Entries provided
§

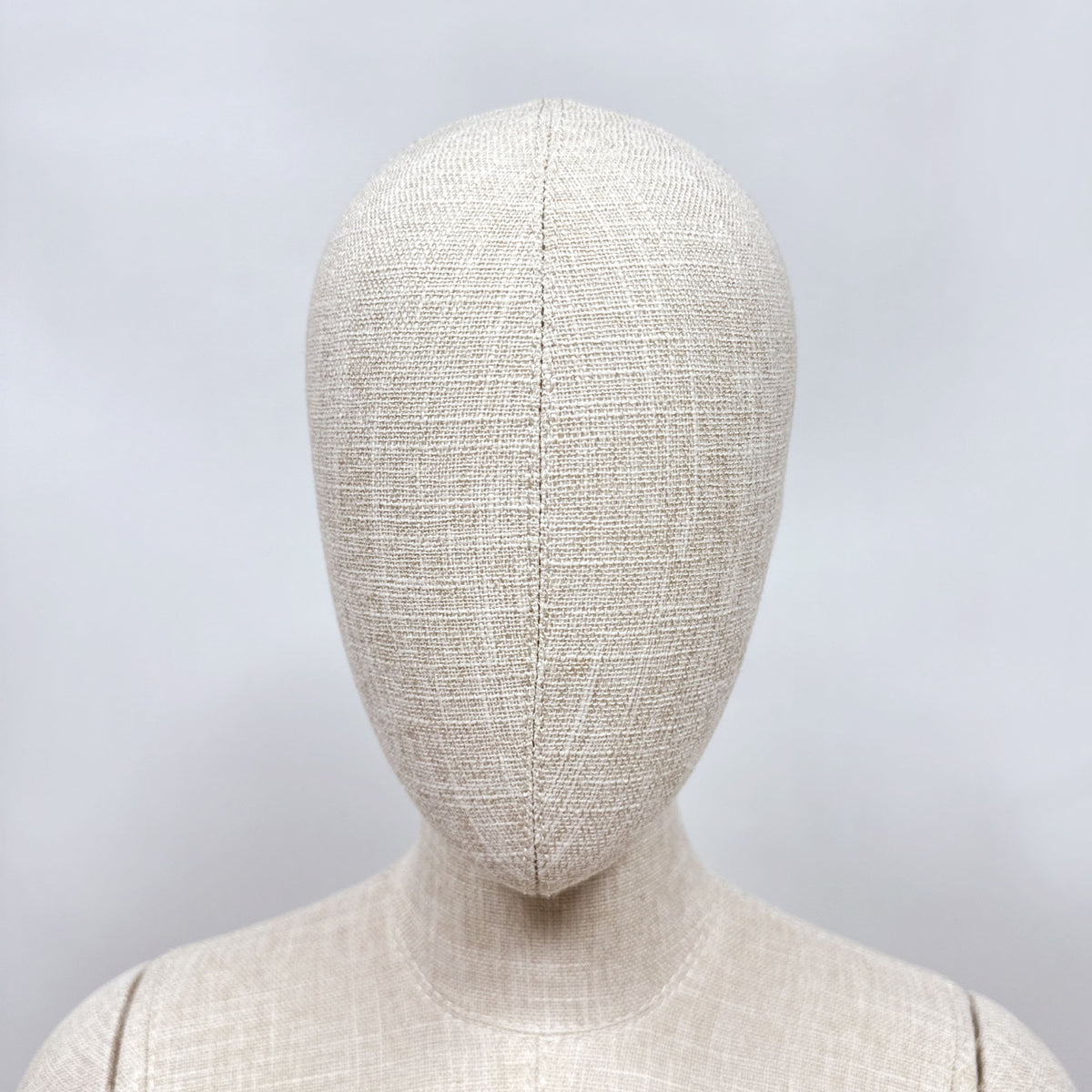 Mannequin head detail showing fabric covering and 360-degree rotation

§

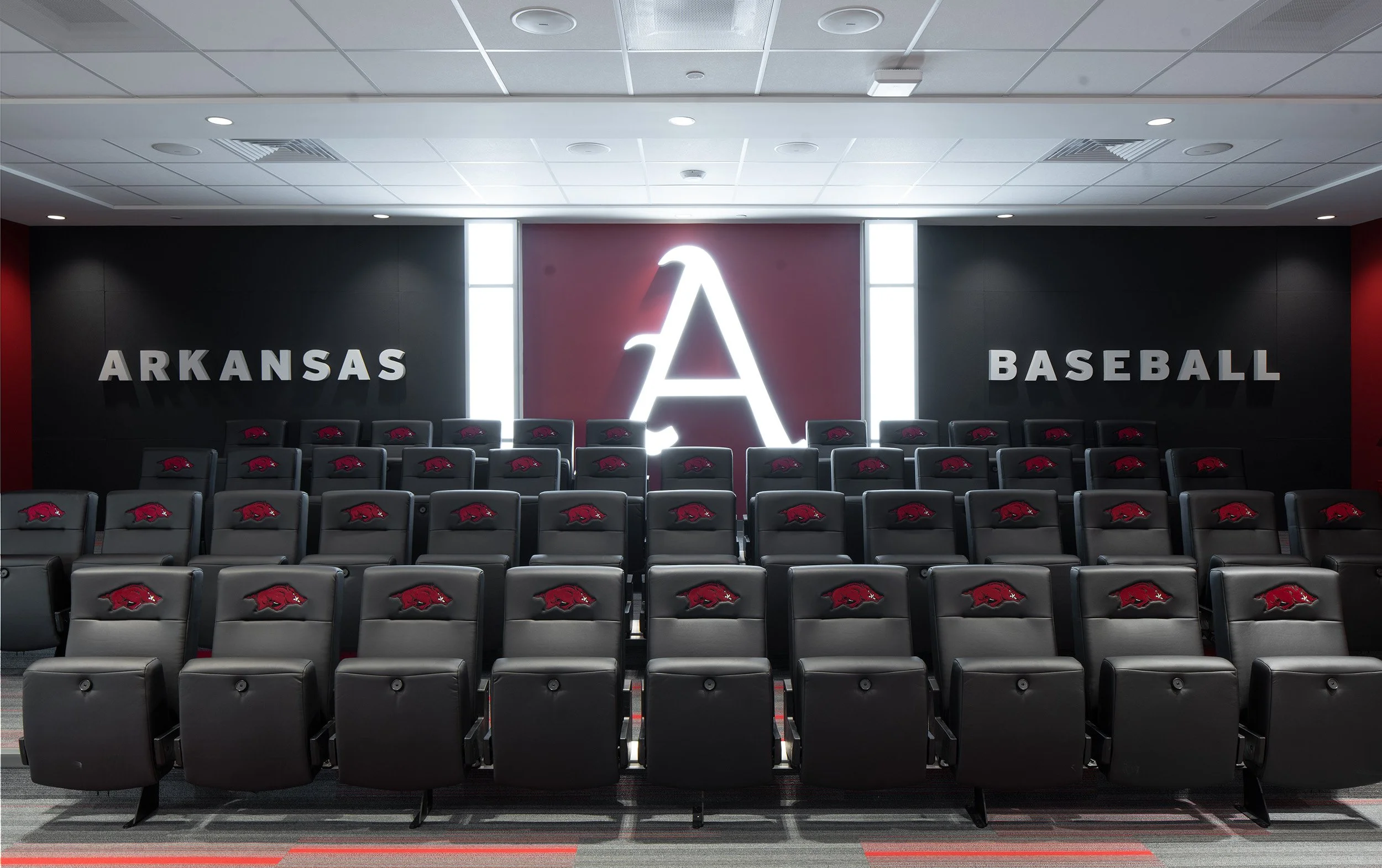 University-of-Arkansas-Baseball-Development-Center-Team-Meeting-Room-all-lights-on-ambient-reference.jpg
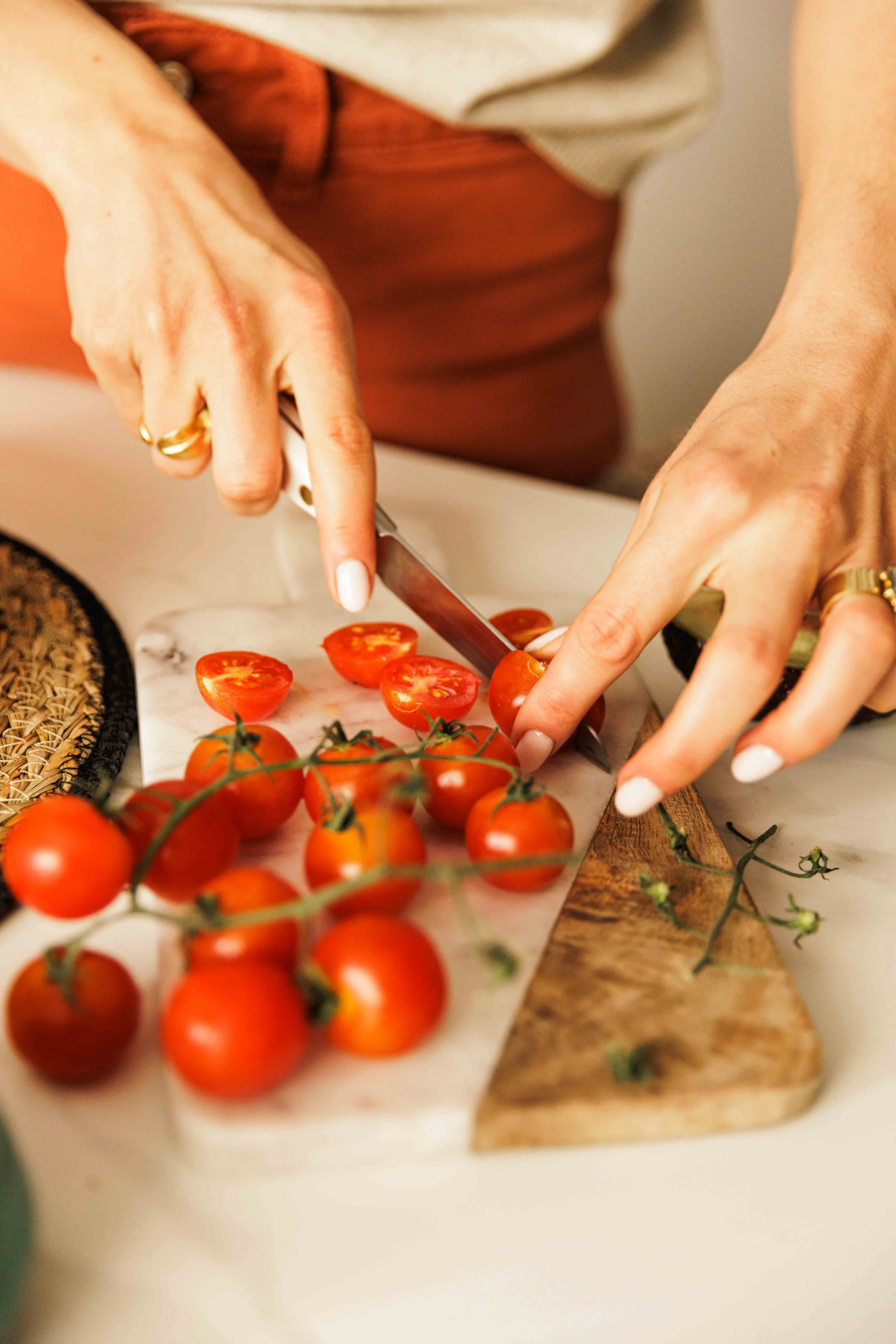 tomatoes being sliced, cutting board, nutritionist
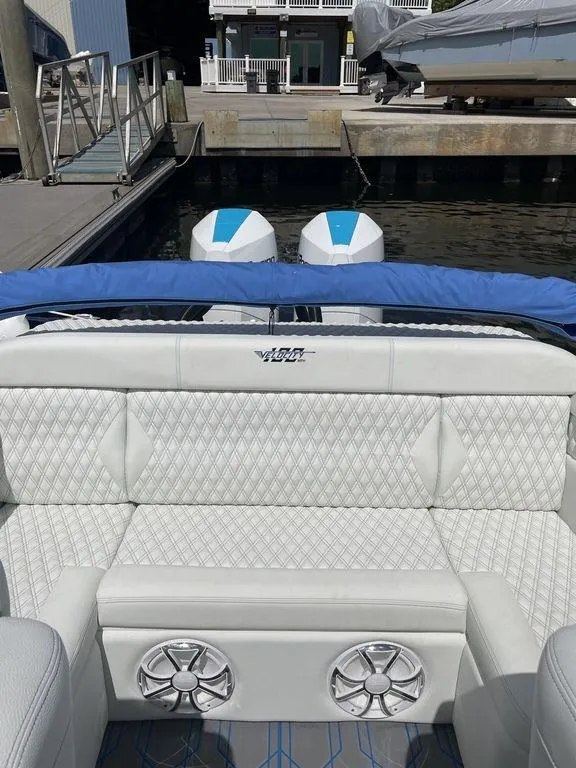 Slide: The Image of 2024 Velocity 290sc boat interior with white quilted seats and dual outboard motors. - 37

§

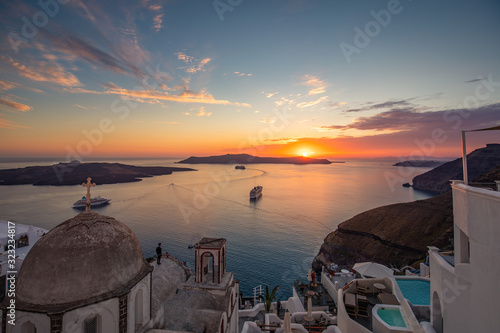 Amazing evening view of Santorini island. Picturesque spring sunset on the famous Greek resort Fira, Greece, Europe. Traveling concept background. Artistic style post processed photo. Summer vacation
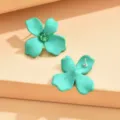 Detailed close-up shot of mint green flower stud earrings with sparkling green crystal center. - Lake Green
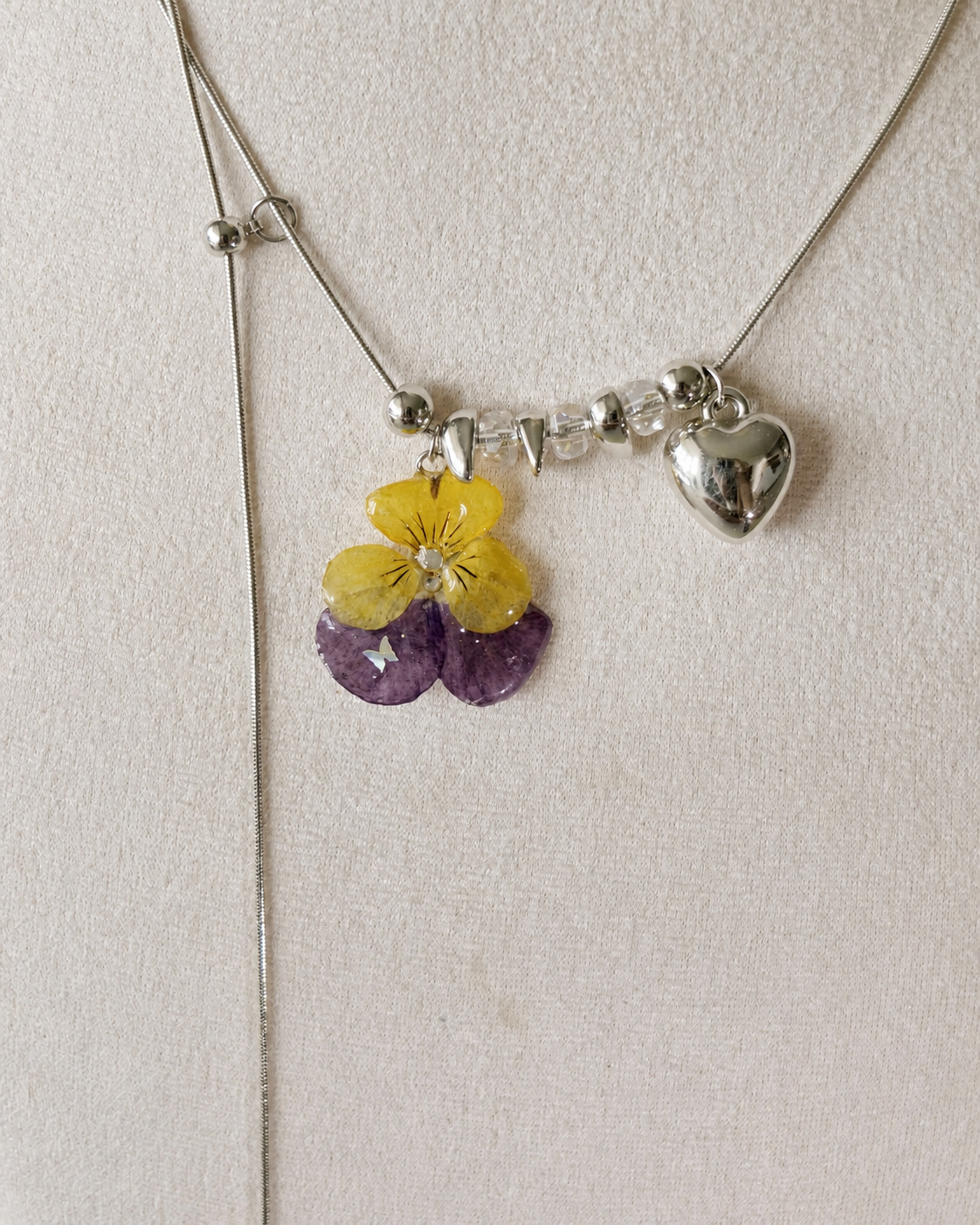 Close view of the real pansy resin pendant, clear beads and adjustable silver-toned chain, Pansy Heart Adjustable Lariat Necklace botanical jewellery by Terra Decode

§

Assignment
Exact copy, pictures excluded: every line above from the one containing "Detailed close-up shot" to the one containing "Close view of", inclusive, and nothing more.

Task result
 Detailed close-up shot of mint green flower stud earrings with sparkling green crystal center. - Lake Green
 Close view of the real pansy resin pendant, clear beads and adjustable silver-toned chain, Pansy Heart Adjustable Lariat Necklace botanical jewellery by Terra Decode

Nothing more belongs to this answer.